Solmu has a good point about the things that consumers indirectly take in. I think this is what gives generic products the "cheap" look as opposed to name brand products. No one goes into the grocery store looking for certain things on their package of cookies. But once they get to the cookie isle, I'm sure the "quality" of the packing definitely influences their buying decision. And when you are selling shirts in person, how it is "packaged" can and will give the perception of quality.


----------



## Rodney (Nov 3, 2004)

> Solmu has a good point about the things that consumers indirectly take in.


I agree  I just think the time and energy spent on the various aspects of a t-shirt should be relative to how important they are in the buying decision for the customer. 

An indirect benefit seems like it would rate lower in the buying decision than a direct benefit, and they are both important (but not equally important).

I guess taking a "holistic" approach to the design is good, but I've seen so many times that people get frustrated with such a small aspect of the t-shirt selling process that they get discouraged. I'd hate to miss the chance to buy a supercool new design because the designer gave up because they got hung up on which label to put on the tee 

Sorry to derail the topic here. Back to the original post. I agree that the two sided label seems to be a good choice. I'd go for the best quality over the cheapest if your concern is making a good impression.


----------



## meebs (Dec 20, 2005)

Derail away!

I think it really depends on you goal...I'm focusing on selling in stores rather than exclusively on the web so as much as i'[m selling my graphic design on the medium of a t-shirt, i'm also marketing a brand. through seeing my shirts i hope people will be left with an impression beyond the screen printed design on the front. although, i'd like to sell shirts purely on their design i think they will sell better if my brand has an associated image...
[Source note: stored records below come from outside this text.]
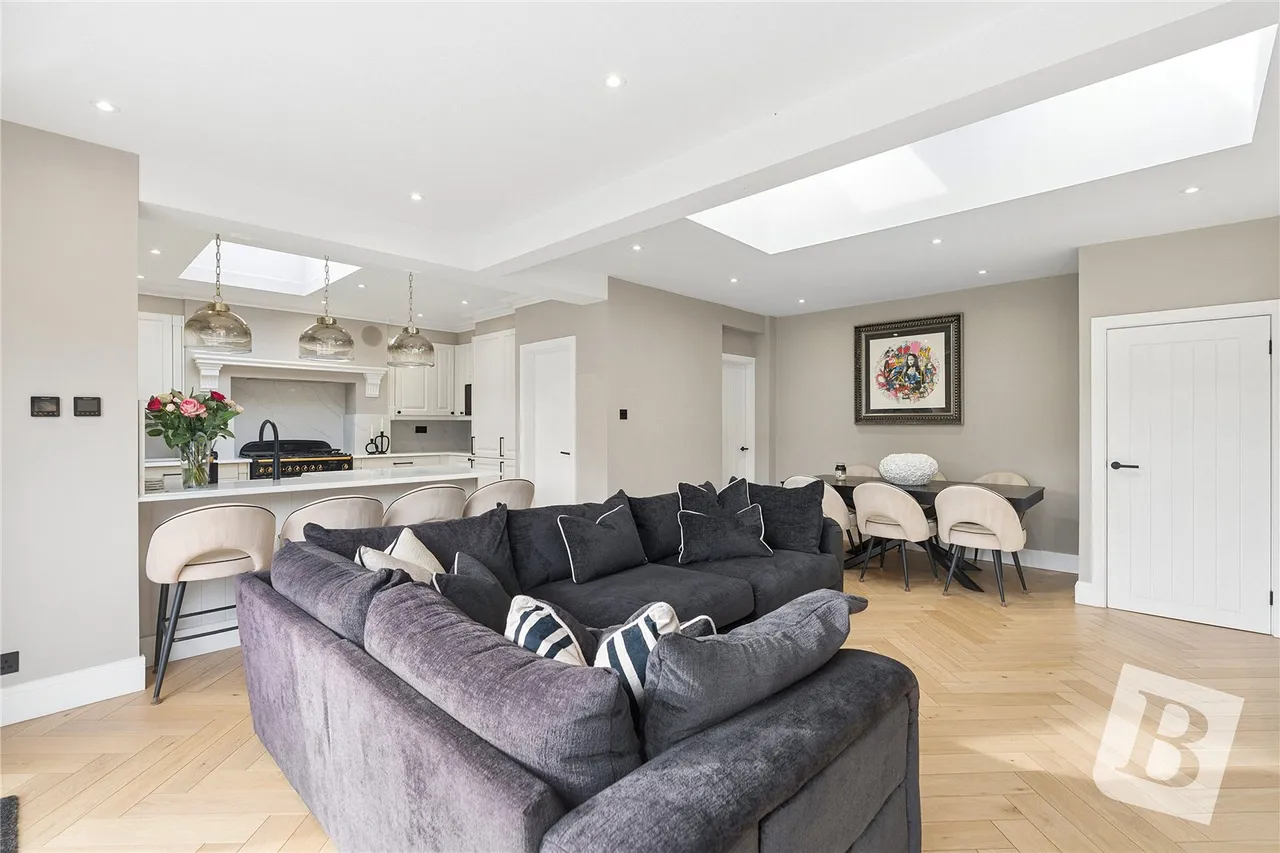 Mashiters Hill, Romford, RM1, photo 8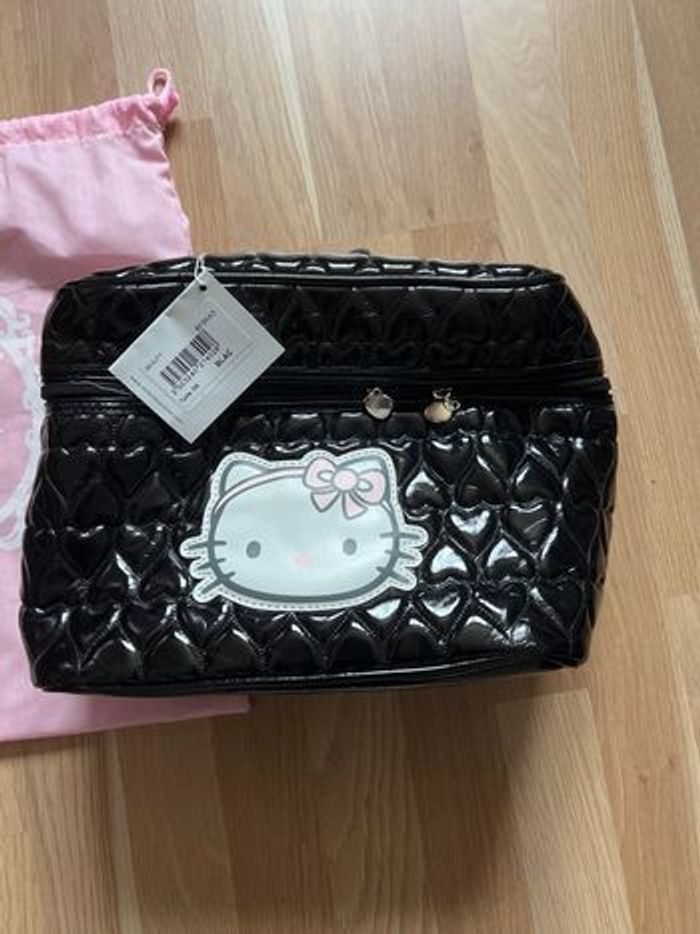 Vanity hello Kitty by victoria couture neuve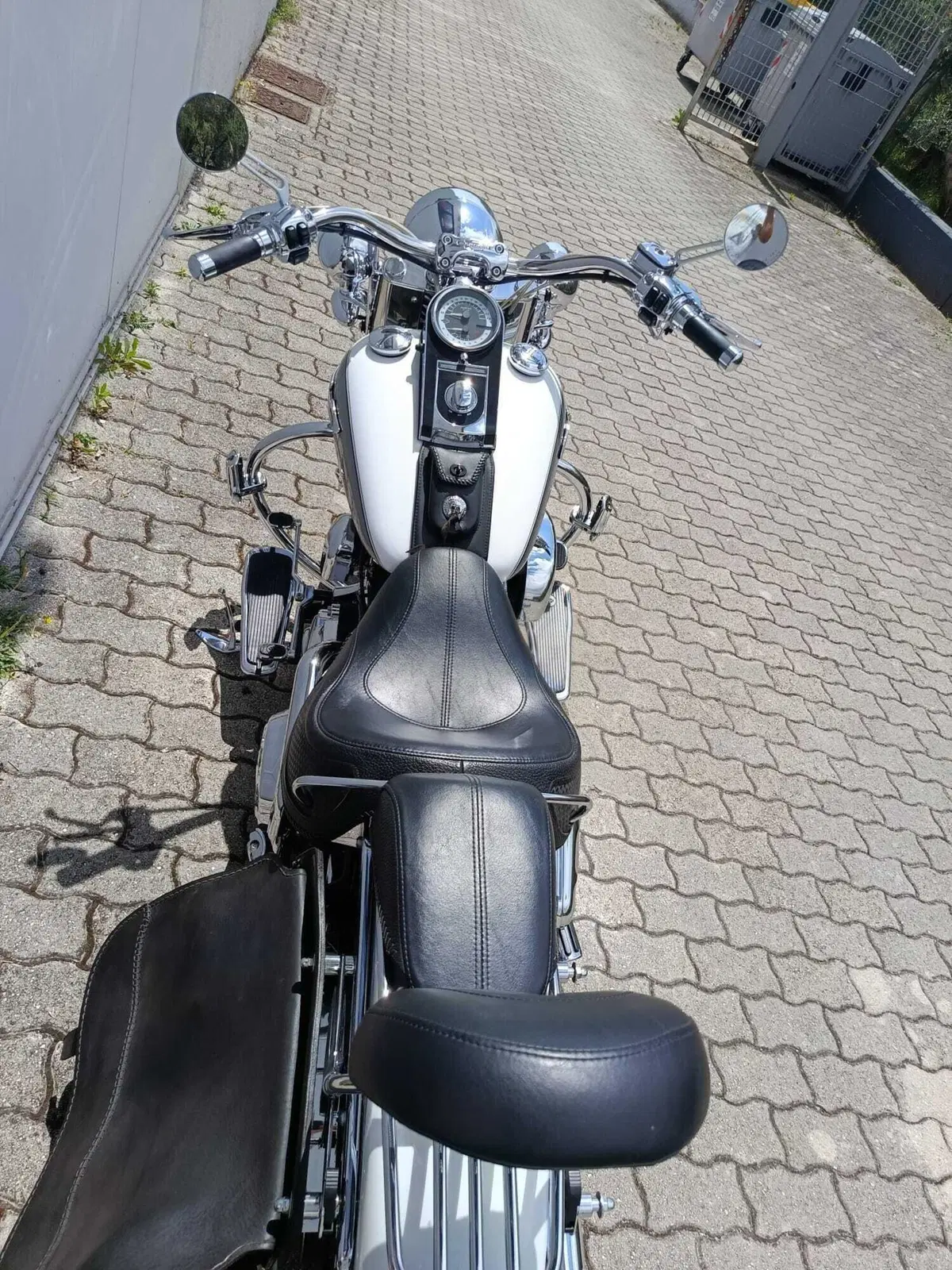 Harley-Davidson 1584 Deluxe (2007 - 08) - FLSTN (3)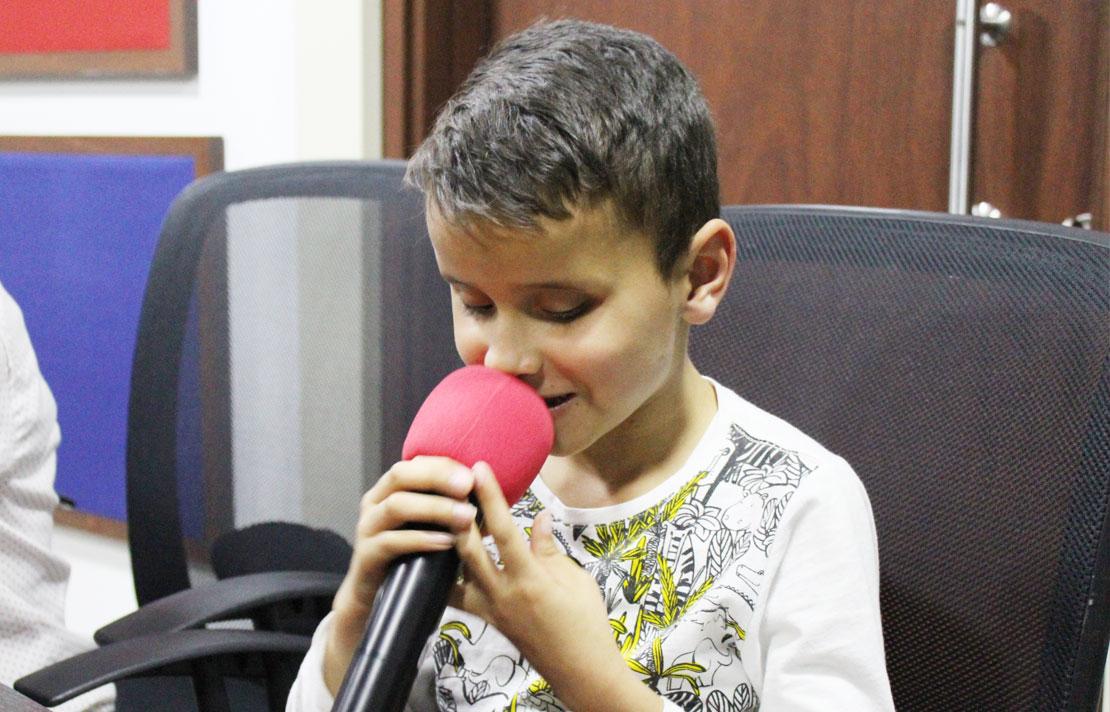 fotografía, Niño en la cabina de INCI Radio
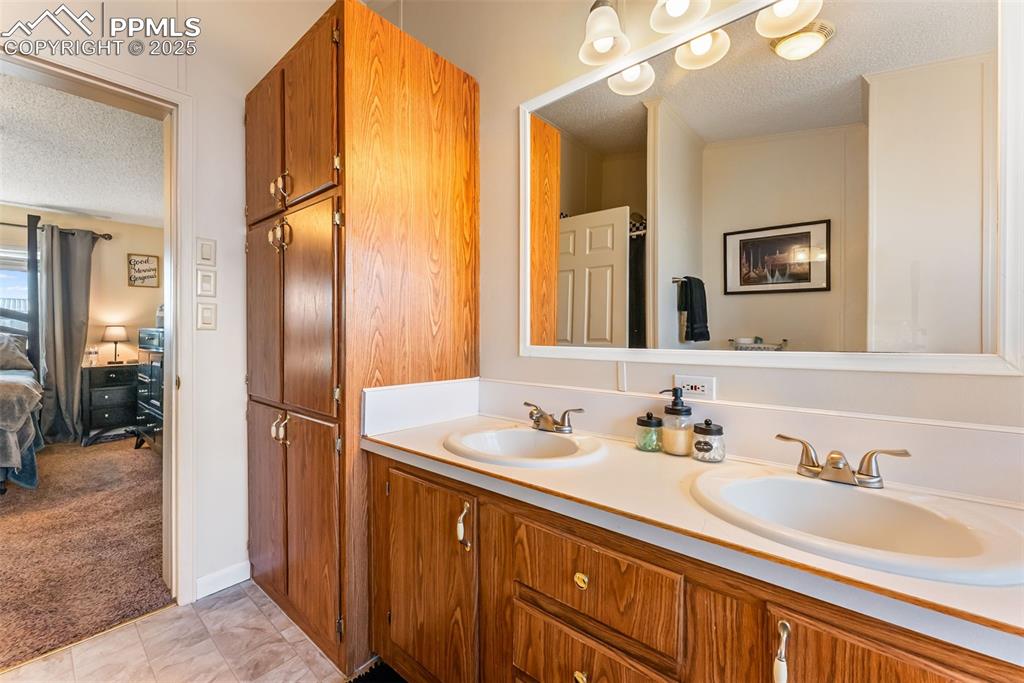 Image 13 of 35: Bathroom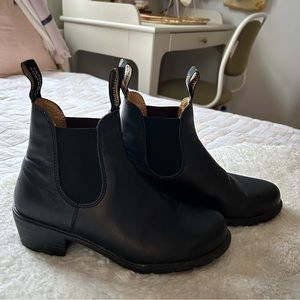 Blundstones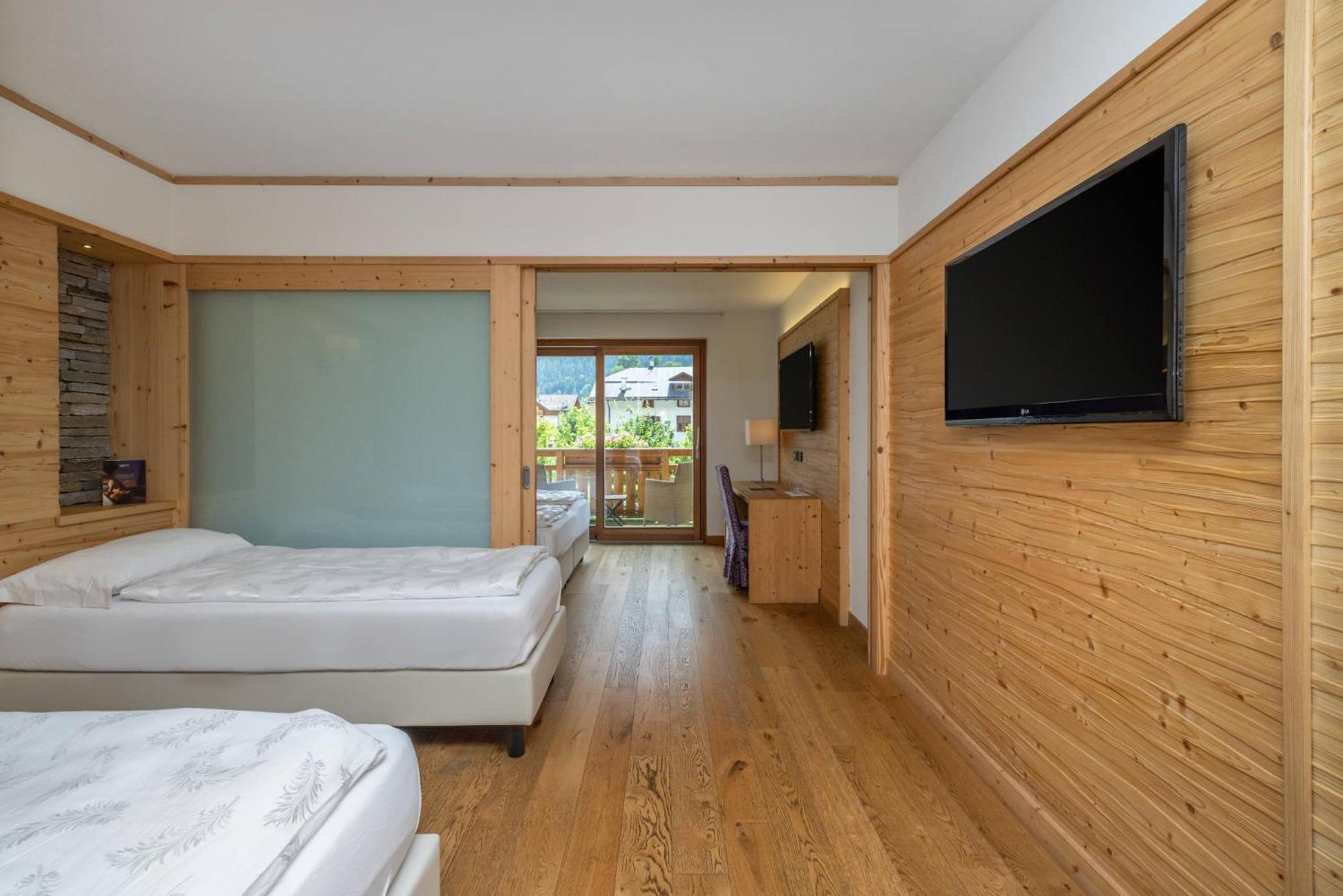 Alpholiday Dolomiti Wellness & Family Hotel Dimaro Værelse billede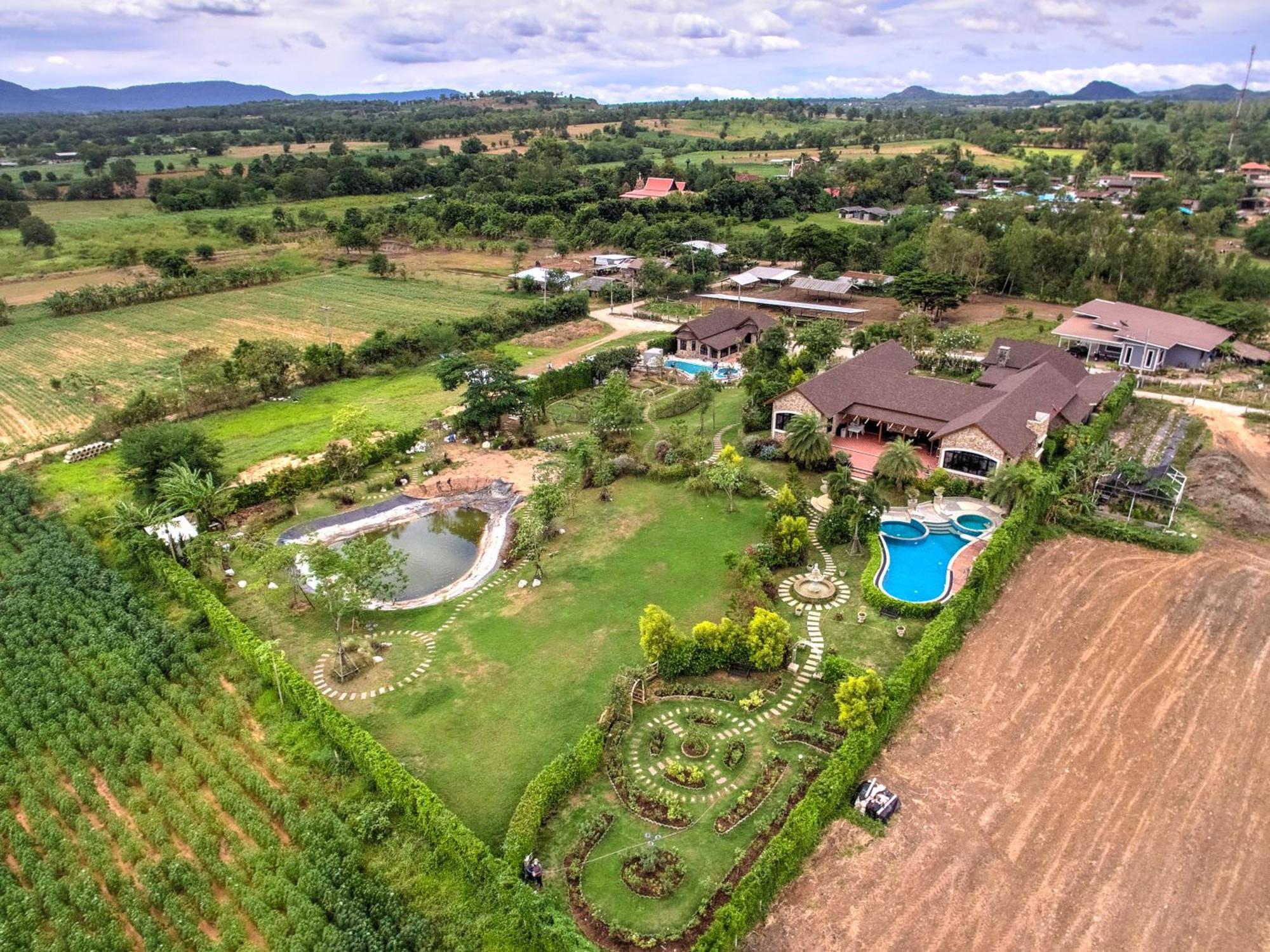 Chateau De Prim Khao Yai Ban Sap Phlu Exteriör bild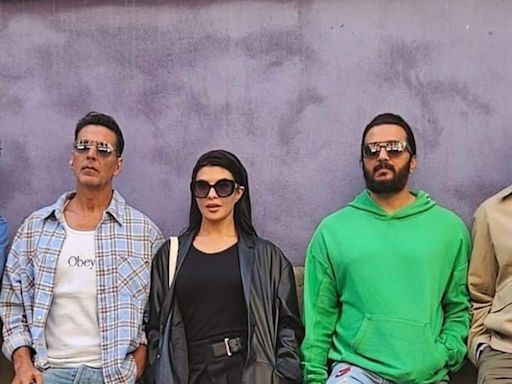 Akshay Kumar Shares A Stylish BTS Look From Housefull 5 Set With Jacqueline, Riteish, Dino, And Abhishek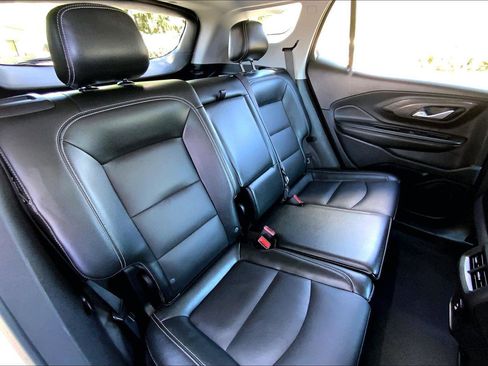 Used 2024 GMC Terrain SLT AWD/4WD image 27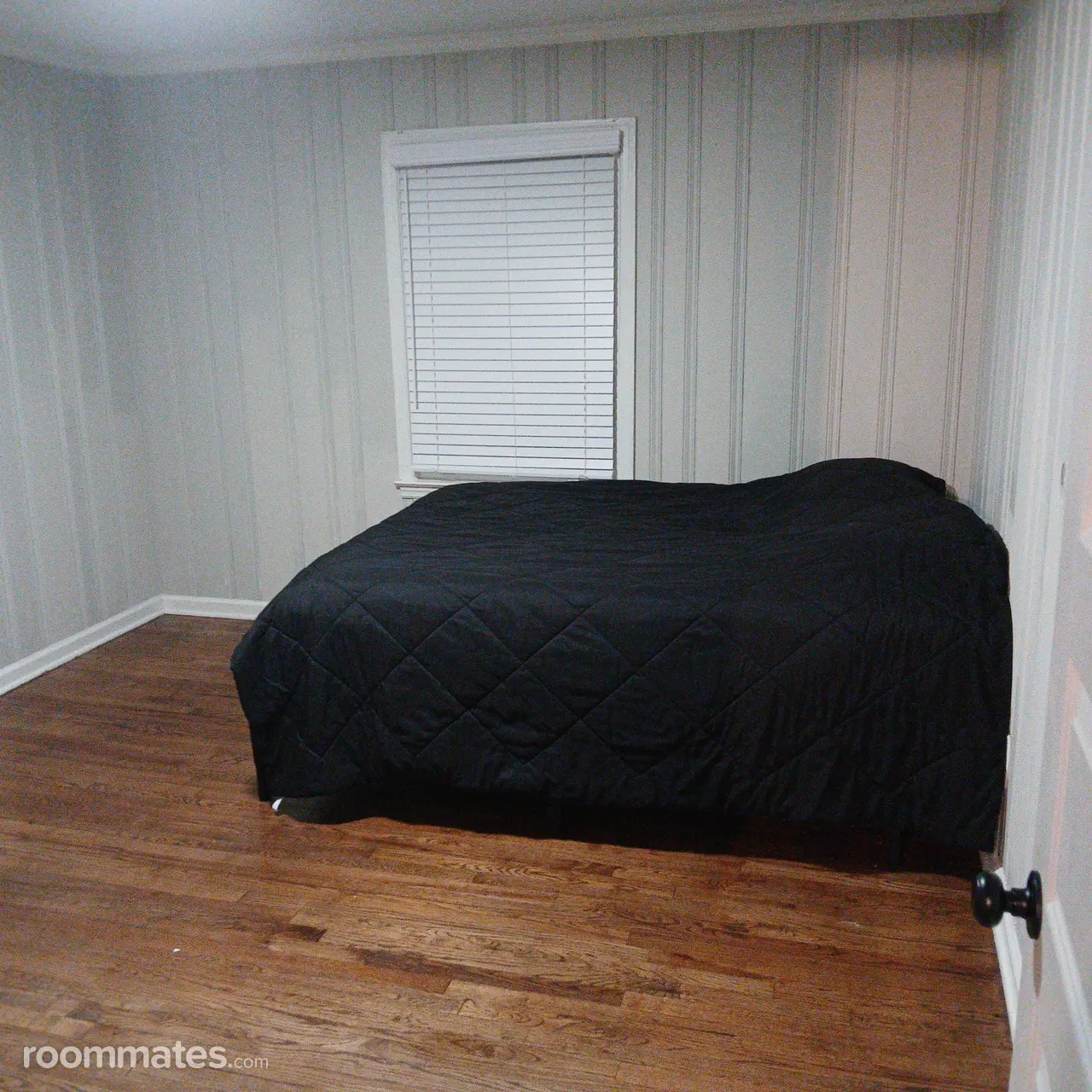 Profile photo 3 of 9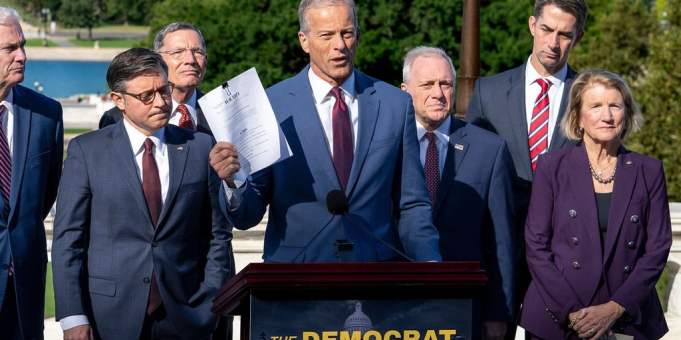Thune advierte contra el cierre del gobierno, mientras que AOC insiste en soluciones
look at bathing ape for example, his whole brand is pretty much based on one logo - of a stylized ape...not a particularly great one either. that dude owns more cars than i have fingers and could probably throw up in a bag, put an ape logo on it and still flog it in a nano second...


----------



## monkeylantern (Oct 16, 2005)

meebs said:


> look at bathing ape for example, his whole brand is pretty much based on one logo - of a stylized ape...not a particularly great one either. that dude owns more cars than i have fingers and could probably throw up in a bag, put an ape logo on it and still flog it in a nano second...



Apes aren't as good as monkeys. With lanterns.


----------



## Comin'OutSwingin (Oct 28, 2005)

monkeylantern said:


> Apes aren't as good as monkeys. With lanterns.


I agree wholeheartedly! Here, here!

meebs,
If building a brand is your goal and if you plan to have a presence in stores, I also think the two-sided woven label is the way to go. It will not be much more expensive, but it will give your shirt the extra "quality" you want.


----------



## monkeylantern (Oct 16, 2005)

Comin'OutSwingin said:


> I also think the two-sided woven label is the way to go. It will not be much more expensive, but it will give your shirt the extra "quality" you want.



This may have already been messaged


----------



## Rodney (Nov 3, 2004)

> look at bathing ape for example, his whole brand is pretty much based on one logo - of a stylized ape...


Don't forget a big part of branding is marketing  You have to be able to sell yourself and your brand if you want that type of success. Make sure people and stores know your stuff is cool. I'm sure the ape didn't get so many vehicles with just a logo and a nice tee


----------



## Comin'OutSwingin (Oct 28, 2005)

I agree whole-heartedly, Rodney. Lucky for me my wife has a degree in marketing and graduated at the head of her class. Nothing like free in-home marketing services!


----------



## Rodney (Nov 3, 2004)

Comin'OutSwingin said:


> I agree whole-heartedly, Rodney. Lucky for me my wife has a degree in marketing and graduated at the head of her class. Nothing like free in-home marketing services!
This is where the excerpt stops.